Tinning up to the insulation line is recommended, but tinning INSIDE the insulation is a bad idea.
Gravity & Air pressure inside the insulation will 'Cap' the solder, the solder will be more or less a straight line, and hard/fixed conductor strands that can't move are a bad idea, it creates a Stress Line where all strands are forced to bend at the same spots over & over, work hardening the strands.
The benefits of properly soldering bare copper outweigh the negatives, particularly in DC wiring.
DC doesn't have the same rules of conduction AC has, DC is one way electron flow...
Resistance ANYWHERE accumulates & compounds.
(Skin Effect is why corroded aluminum AC power lines waste as much as 80% of production in transmission, and voltage is pushed instead of amperage)
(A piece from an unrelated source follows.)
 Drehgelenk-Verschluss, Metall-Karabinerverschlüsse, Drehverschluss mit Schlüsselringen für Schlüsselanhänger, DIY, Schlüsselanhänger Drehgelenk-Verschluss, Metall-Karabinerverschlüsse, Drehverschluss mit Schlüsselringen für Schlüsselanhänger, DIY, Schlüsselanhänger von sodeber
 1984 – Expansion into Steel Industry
Another benefit is environmental protection of the expensive copper and the time saved NOT having your system down while you tracked and replaced corroded wires and ruined terminals, particularly terminal to wire sockets you CAN'T see on visual inspection.
The ONLY way to track a corroded socket/cable corroded under the insulation is a Load Test.
1-1/2 volt resistance multimeter will not detect corroded conductors if there is even one strand still intact.
When a 2/0 cable won't conduct 35 amps, but shows no resistance since *Some* strands are intact, a load test is the only way to find it...
Solder simply seals up the exposed wires so acid/corrosive moisture can't enter.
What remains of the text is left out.